### Dataset section
+ + + +

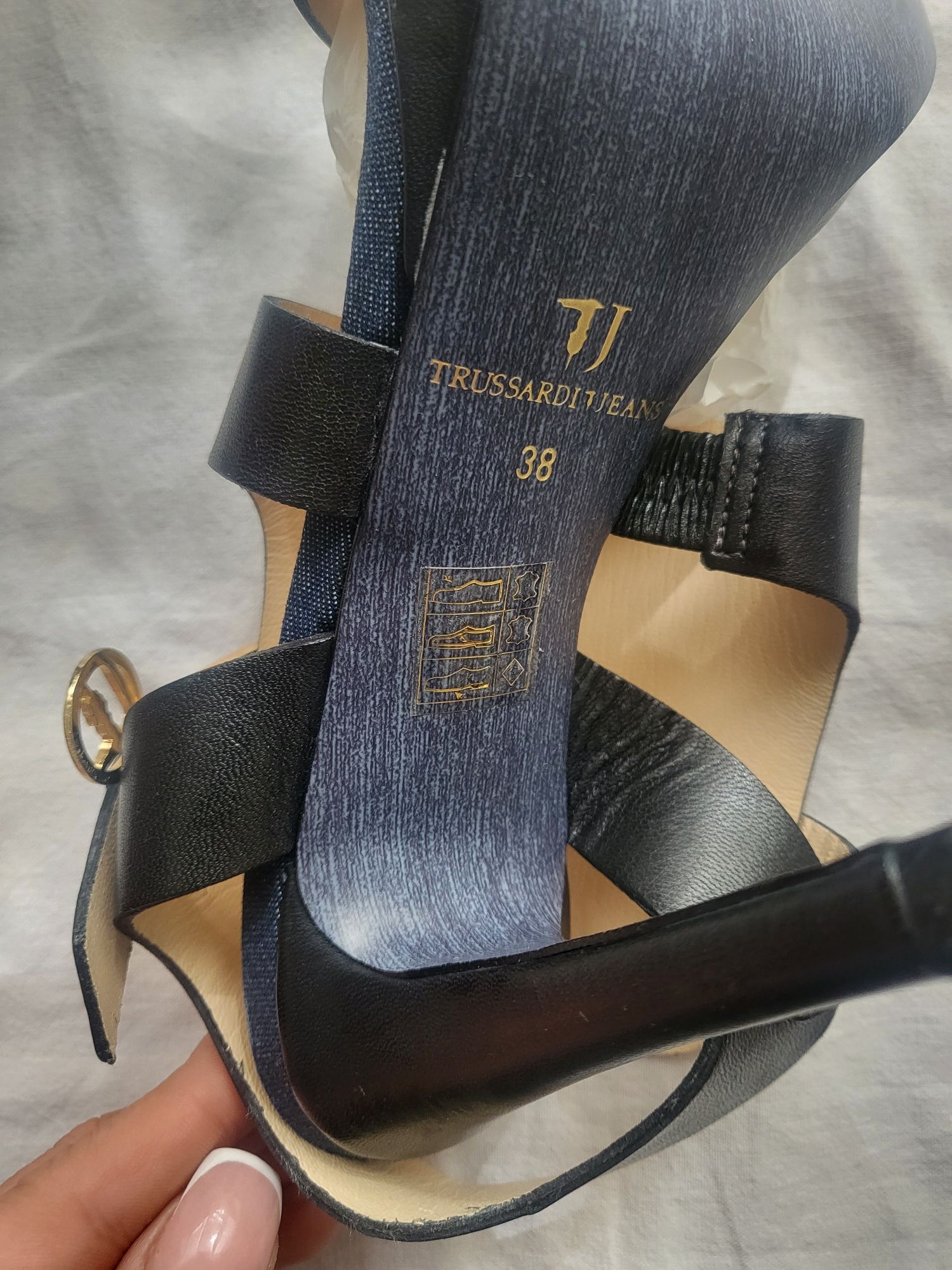 Сандали Trussardi jeans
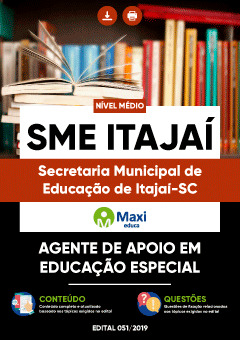 Apostila Secretaria Municipal de Educação de Itajaí-SC - SME Itajaí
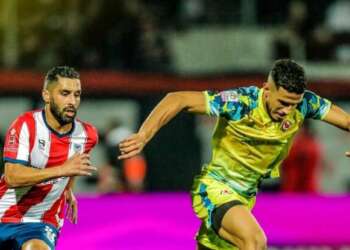 الفتح الرياضي يتفوق على المغرب التطواني بثنائية نظيفة في الجولة 12 من البطولة الاحترافية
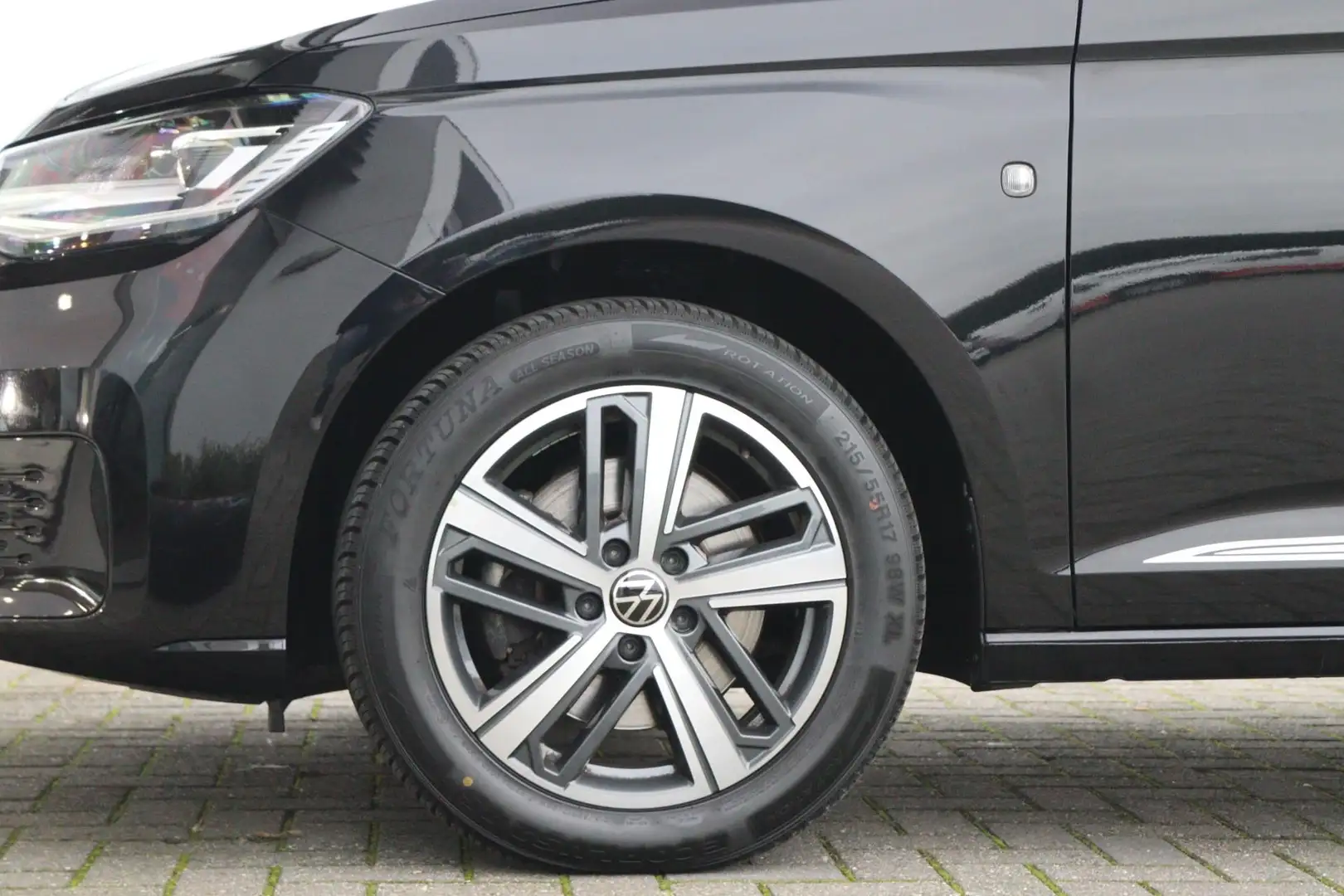 Volkswagen Caddy 2.0 TDI 122 pk Move 5p | Panoramadak | Camera | Ad Schwarz - 2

+ + + +

Exactly those lines that run from the line holding "الفتح الرياضي يتفوق" to the end of the listing above, both included, are to be reproduced, with pictures left out.

### Answer to the problem
 الفتح الرياضي يتفوق على المغرب التطواني بثنائية نظيفة في الجولة 12 من البطولة الاحترافية
 Volkswagen Caddy 2.0 TDI 122 pk Move 5p | Panoramadak | Camera | Ad Schwarz - 2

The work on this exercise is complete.